To the editor:
County Executive Sam Page has announced the Kennedy Aquatic Center in South County will not open this summer and hours for the South County Government Center will be reduced. There is no reason to make these and other cuts. Ever since the County Council made necessary reductions to his proposed 2026 budget, Page has recklessly been making unnecessary cuts just to blame the council.
The cuts were made to Page’s inflated budget, not county services. Page always wants to spend much more money than there is. The County Council’s budget coordinator said the county would go bankrupt in two years if the council went with the Page spending. Budget deficits don’t just happen. They are the result of not matching spending to revenue, regardless of the amounts.
Page claims the repairs to the aquatic center would be $100,000 or more. That’s small change to what the county has been spending with its misplaced priorities. Some of the questionable county expenditures and bad decisions in recent years:
• $10 million was given to UMSL by the county last year to demolish buildings on their campus. This made no sense. The county has no responsibility whatsoever to the university.
• The county was shortchanged by $56 million with the Rams settlement. The city and county should have equally divided the $450 million portion left for them. But the city got $280 million and the county got $169 million. Sam Page approved the settlement.
• $520,000 was wasted on election costs for Proposition B last year. It would have allowed the council to remove county department directors. The proposal was trounced.
• $300,000 was spent a few years back for the campaign to pass Proposition M, the marijuana tax. It was likely an unlawful expenditure.

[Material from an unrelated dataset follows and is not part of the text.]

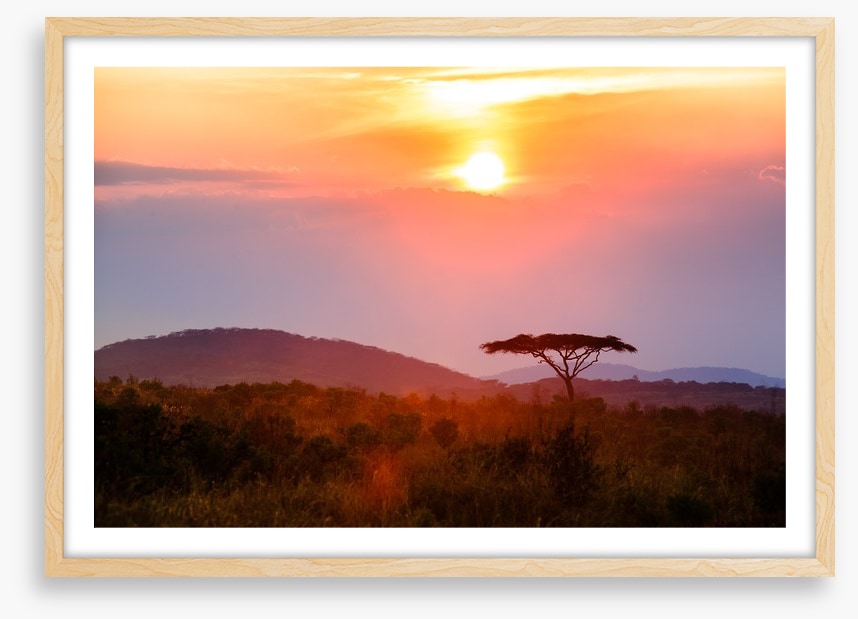 Malawi moment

• $3.8 million annually toward the $110 million cost of the county’s subsidy for the St. Louis Cardinals’ stadium. (The team was essentially bought for $50 million and is now worth $2.5 billion.)
• $6 million a year toward the $240 million commitment to the downtown convention center expansion, the area’s biggest boondoggle.

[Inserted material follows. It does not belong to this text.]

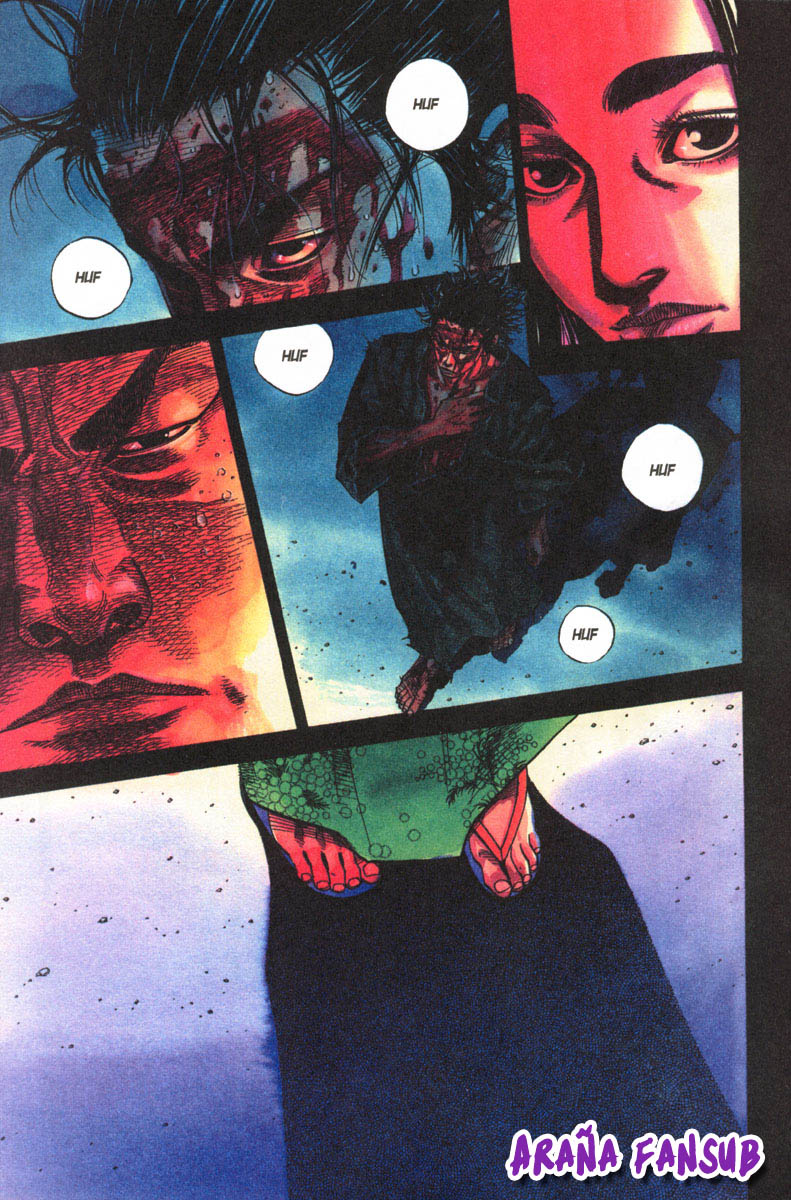 Read VagabondES Manga Online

• $170,000 a year for two part-time lawyers for the council despite the county counselor’s office having a staff of 38 with 28 lawyers. The office has long represented the council but council members wanted their own lawyers.

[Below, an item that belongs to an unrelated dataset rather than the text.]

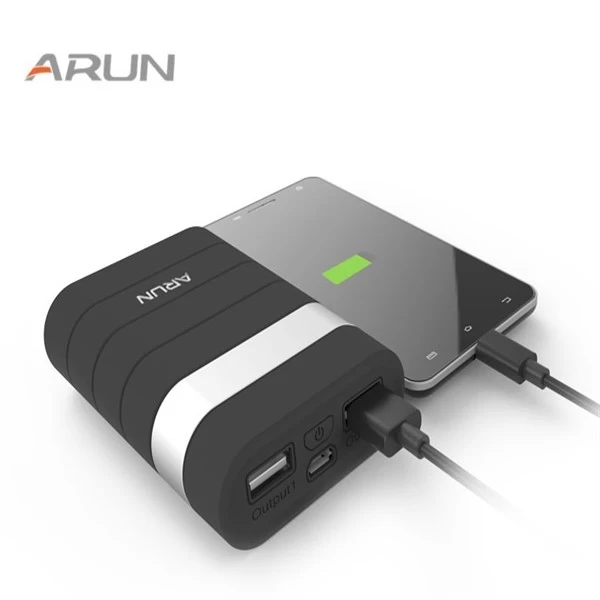 پاوربانک 9000 میلی آمپر آرون ARUN Y303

• Millions of dollars spent for the county auditor’s office, though there has not been a competent auditor since 2017.
• In 2024 it was disclosed the county overpaid dozens of employees more than $195,000 over eight years. Some no longer worked for the county.
St. Louis County has no shortage of revenue. What it lacks is competent public officials with the sense to spend public funds responsibly and for the betterment of county residents. When a new county executive comes into office next year, the Kennedy Aquatic Center should be put back in operation.